F1-coureurs hebben te maken met ongelooflijk snelle raceauto's die zijn gebouwd om bochten met de hoogst mogelijke snelheden te nemen. Ze doen dit met enorme hoeveelheden downforce van agressieve aerodynamica en grote gladde banden, vergezeld van ongeveer 1.000 pk sterke 1,5-liter V6 hybride turbomotoren. Tijdens het besturen van een Mustang GT heb je misschien tractiecontrole nodig om een bocht vast te houden en ABS om op een dubbeltje te stoppen, maar een F1-auto weegt zo weinig (1.657 pond) en heeft zoveel downforce dat het geen ABS nodig heeft om te stoppen of tractiecontrole om grip te houden. Er was echter een tijd dat F1-auto's alle rijhulpmiddelen onder de zon gebruikten, en dat was in het begin van de jaren negentig met de Williams-Renault FW14B.
Williams-Renault was begin jaren negentig het te kloppen team. De FW14 was in dat jaar en in de daaropvolgende jaren geavanceerder dan elke andere auto op de grid. Het schrijven van de aanstaande dominantie van Williams was aan de muur in 1991 met het debuut van de FW14. Nigel Mansell en teamgenoot Riccardo Patrese behaalden meerdere overwinningen en het kampioenschap was bijna afgelopen, ware het niet dat de nieuwe semi-automatische transmissie niet zo betrouwbaar was.

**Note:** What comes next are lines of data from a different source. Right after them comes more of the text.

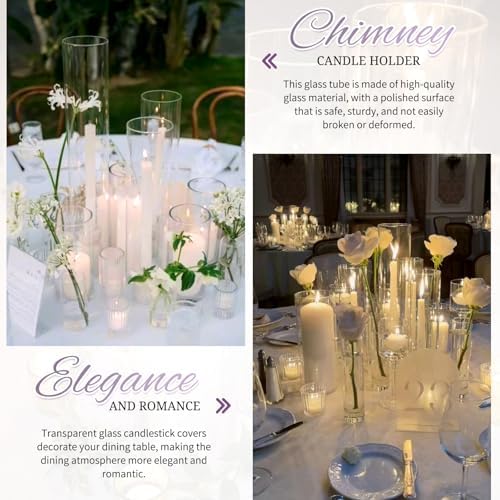 6 Pack Hurricane Candle Holders Clear Borosilicate Glass Cylinder Tube Covers
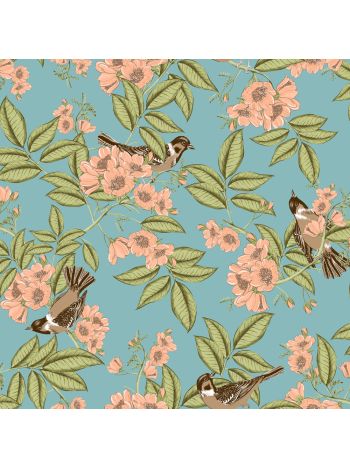 PAPEL DE PAREDE BOBINEX CONTEMPORÂNEO -  FOLHAS E PASSÁROS AZUL CLARO 1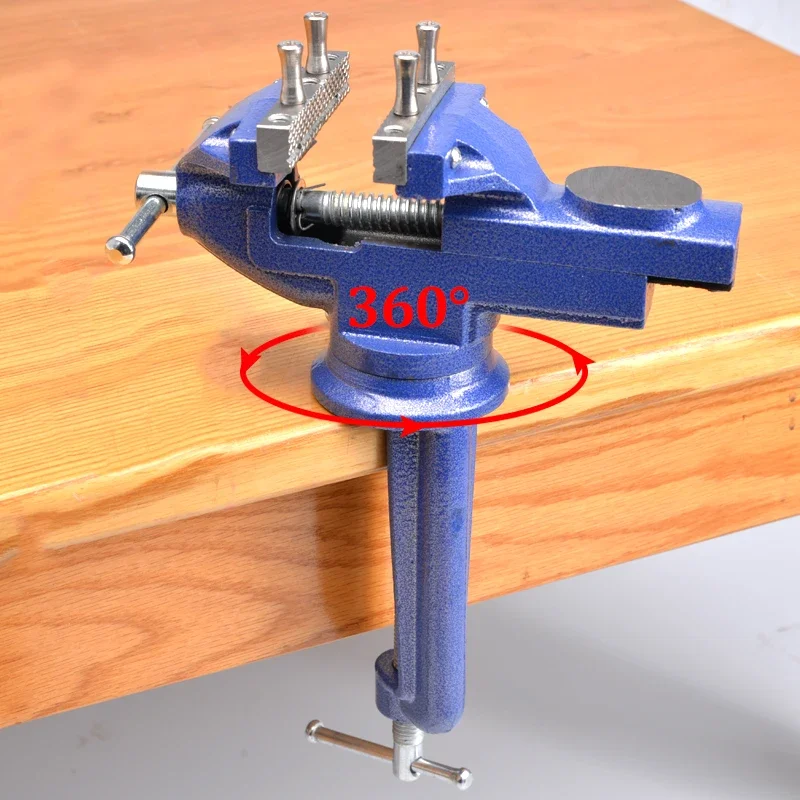 

3" Multi-functional Clamp-on Bench Vise 360 Degree Swivel Cast Iron Tabletop Vice with Anvil and Large Table Clamp 100mm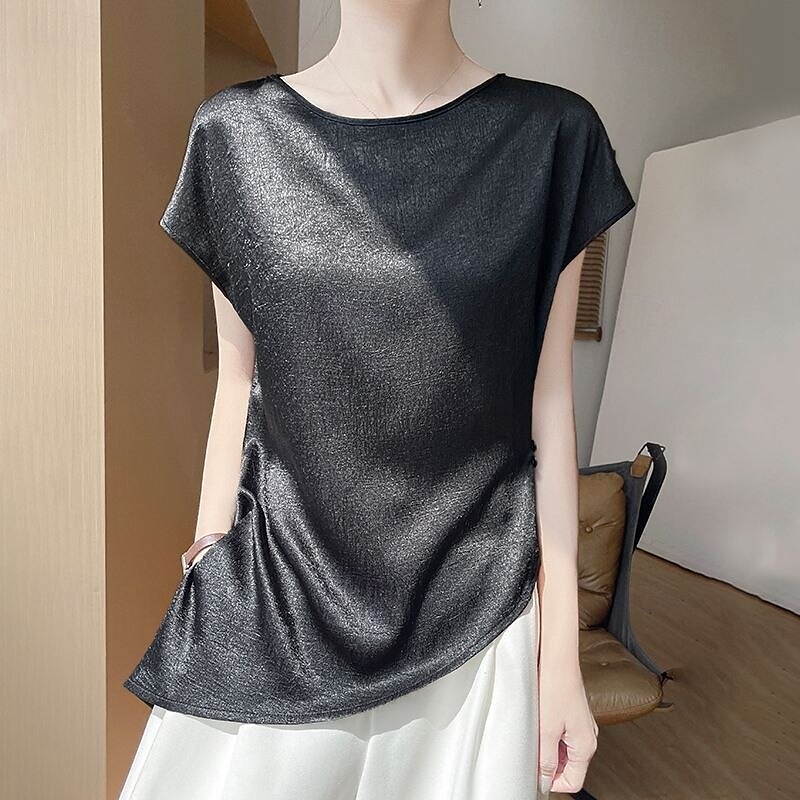 Women's T Shirt Tee Top Plain Fashion Modern Short Sleeve Crew Neck Regular Tops Daily Going out Weekend Asymmetrical Black Gold Khaki Beige Gray Summer4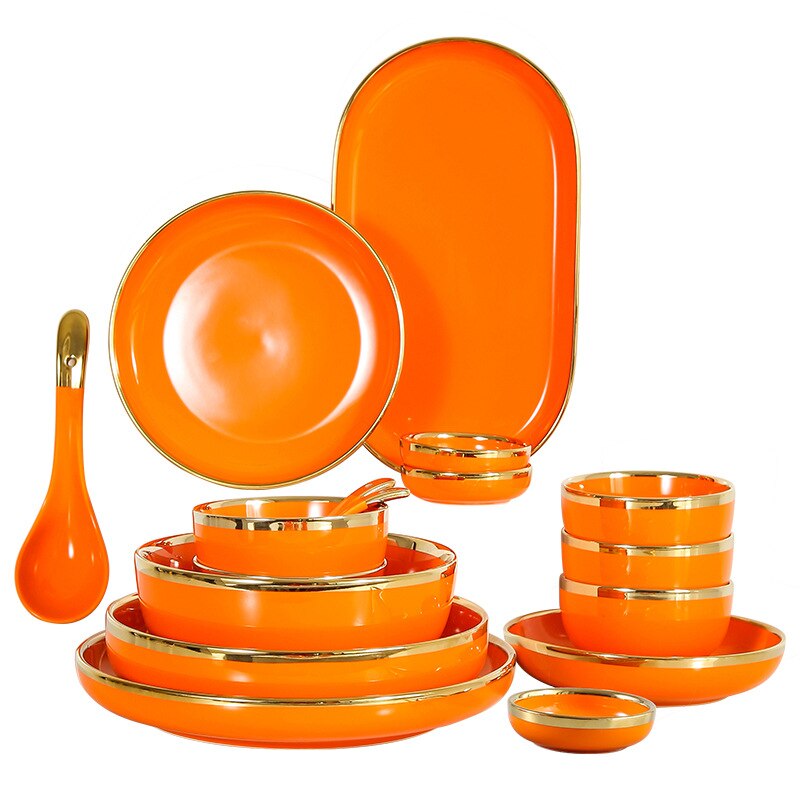 High Grade Bright Orange With Gold Lnlay Plates Steak Food Tray Ceramic Dinner Dish Salad Bowl Mug Porcelain Dinnerware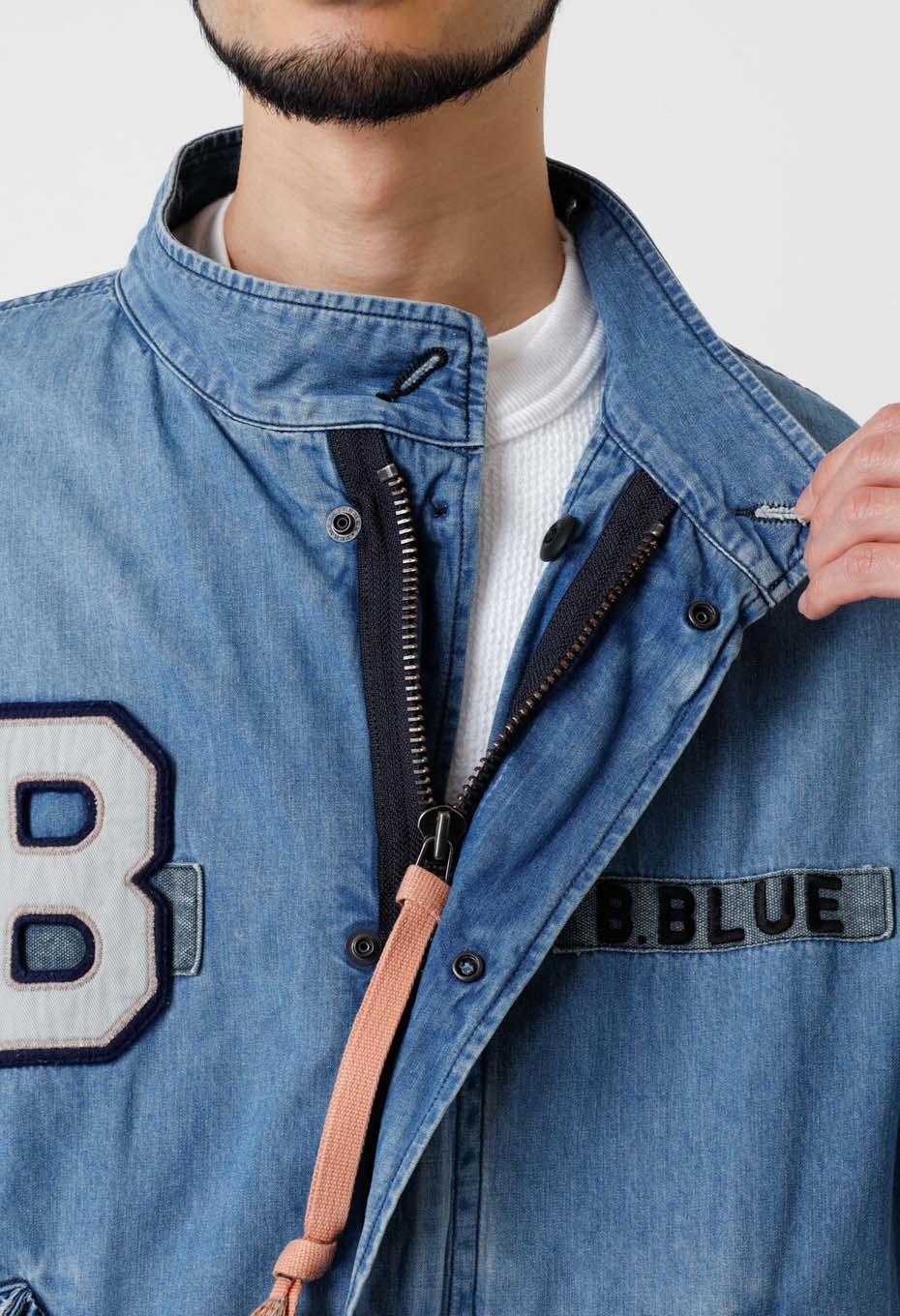 ジャカードデニム アタッチメント フィッシュテールコート | BLUE BLUE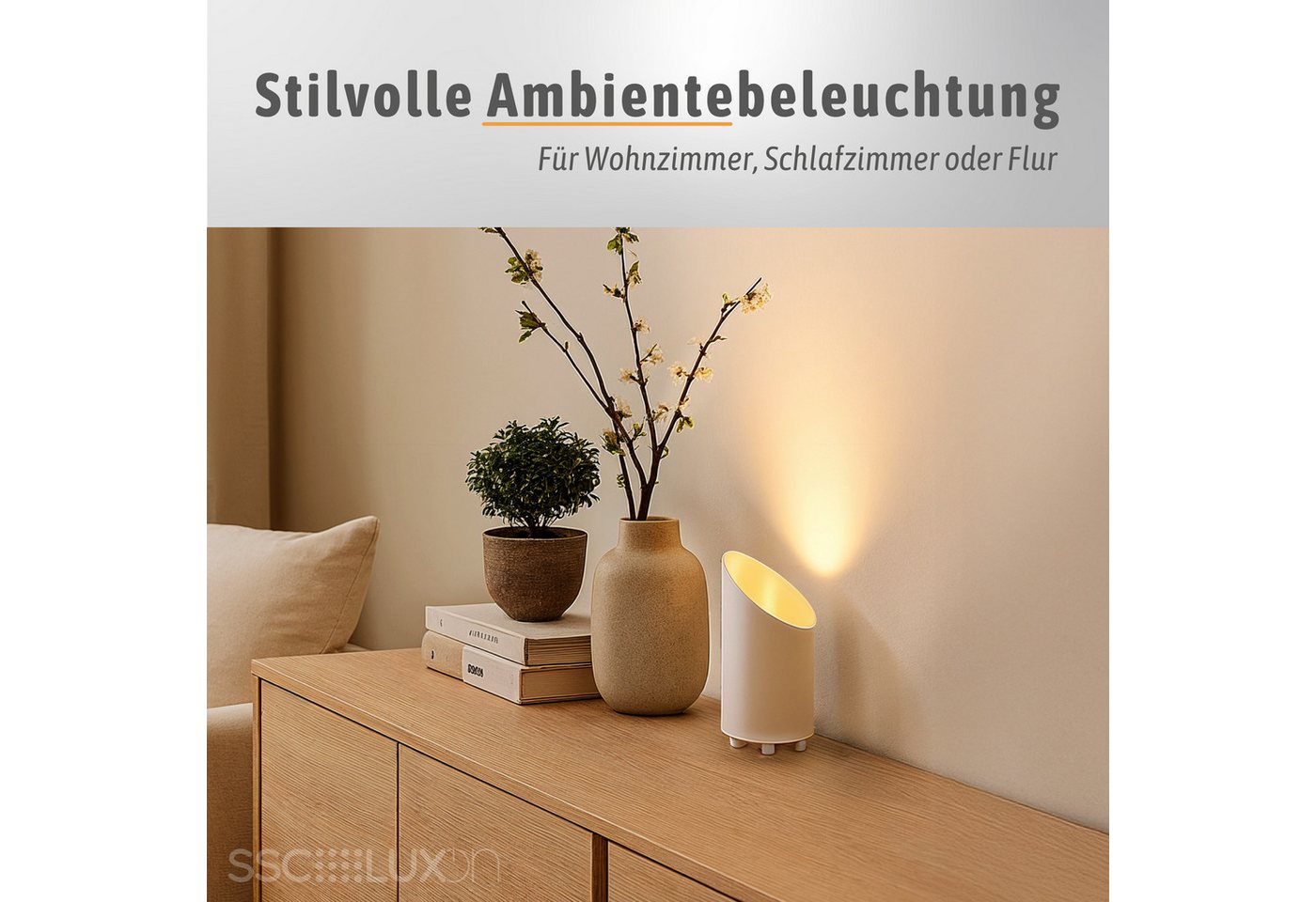 SSC-LUXon LED Spiegelleuchte Uplight Bodenlampe AUREVA Tischlampe mit LED fourSTEP GU10 4W warmweiß, Warmweiß Bild 2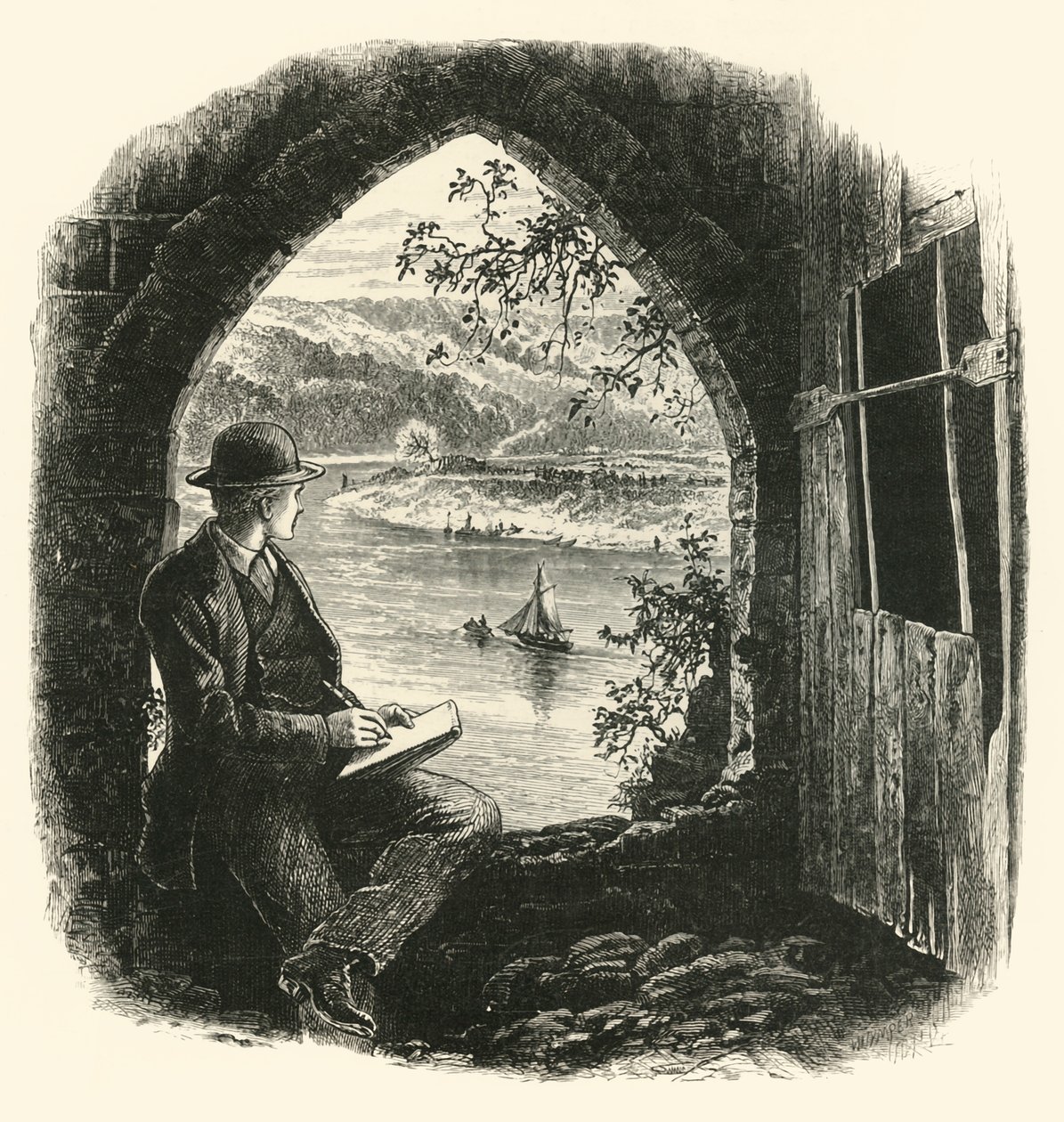 The Wye, a Chepstow kastélyból, 1870-es évek. alkotó: Josiah Wood Whymper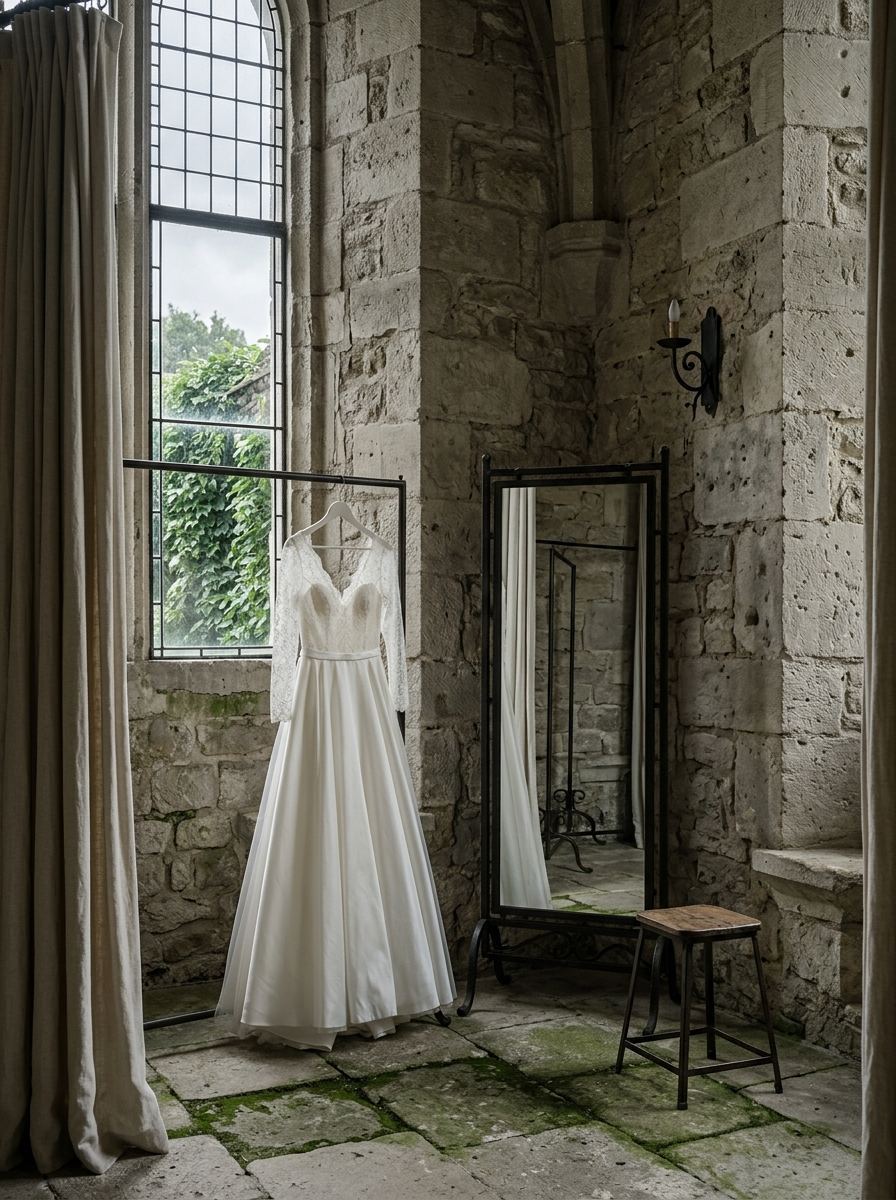 Cabine d’essayage aux murs de pierre, miroir en fer et robe suspendue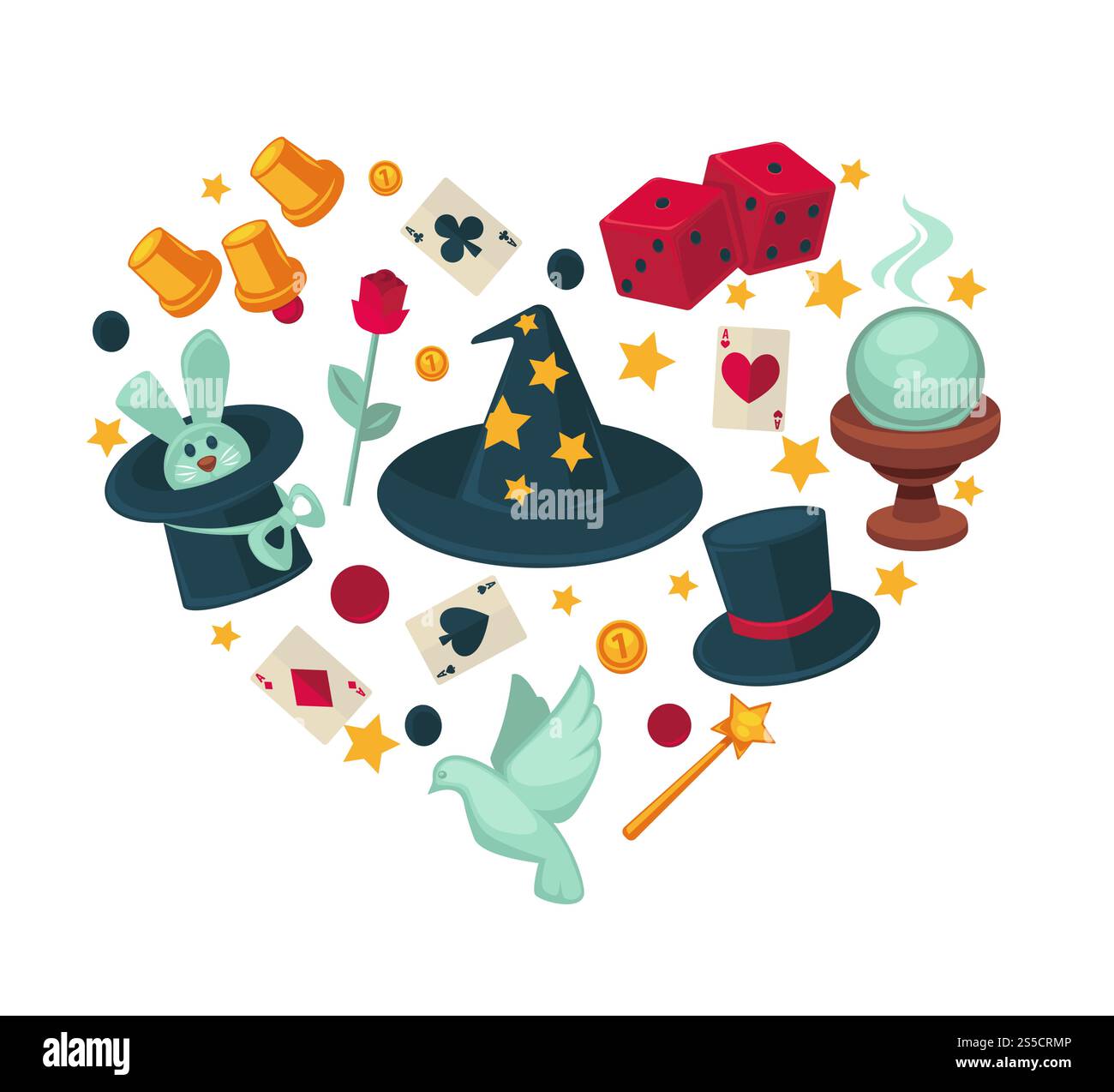 Ausrüstung für Zaubershow in Herzform. Kegel Zauberhut, klassischer Zylinder, weiße Taube, süßes Kaninchen, mysteriöser Ball, rote Würfel, Spielkarten, aromatische Rose und Pappbecher Vektor-Illustrationen.. Ausrüstung für magische Show in grosser Herzform Stock Vektor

1992 was dankzij de FW14B een van de meest dominante vertoningen van een F1-team in de geschiedenis. Williams-Renault eindigde op zeven na alle races en behaalde een podium in het grootste deel van de rest, na een seizoen van 16 races. Het won het constructeurskampioenschap met meer dan 50 punten, wat een groot tekort was in het puntensysteem van die tijd. De McLaren uit 1993 haalde de achterstand in, maar de dominantie van Williams bleef bestaan totdat alle rijhulpmiddelen in 1994 werden verboden.
Misschien wel het grootste voordeel van de FW14B kwam van de actieve ophanging. AP Racing ontwikkelde een systeem voor straatauto's, maar besloot het te begraven, volgens Autosport, en gaf het aan William-Renault. Dit was niet de eerste keer dat actieve ophanging werd gebruikt in de F1, want Lotus pionierde het in 1983 met zijn Type 92. Engineering-directeur Patrick Head nam het systeem van AP Racing, dat destijds puur mechanisch was, en gaf het een computer. Hierdoor kon de auto zichzelf op de baan balanceren.
Actieve vering op de FW14B bestond uit een hydraulische eenheid die de input van het stuur en de bestuurder opnam en zichzelf dienovereenkomstig aanpaste. Het kon detecteren of de bestuurder door een bocht ging en de auto plat maken. Het kan ook hoge snelheden detecteren en de auto zoveel mogelijk laten zakken, en de voorkant verstijven tijdens het remmen om duiken te verminderen. De FW14B was geavanceerd genoeg om de baan te leren kennen en te anticiperen op de volgende bocht. De bestuurder hoefde alleen maar gas te geven. Het resultaat was een auto die drie seconden voorsprong had op de concurrentie in de kwalificatie.
De Williams-Renault FW14B was, en is voor sommigen nog steeds, de meest geavanceerde Formule 1-auto aller tijden. Het is niet moeilijk om te zien waarom. Als ingenieurs een podium hebben om hun vak te oefenen, kunnen er geweldige dingen gebeuren.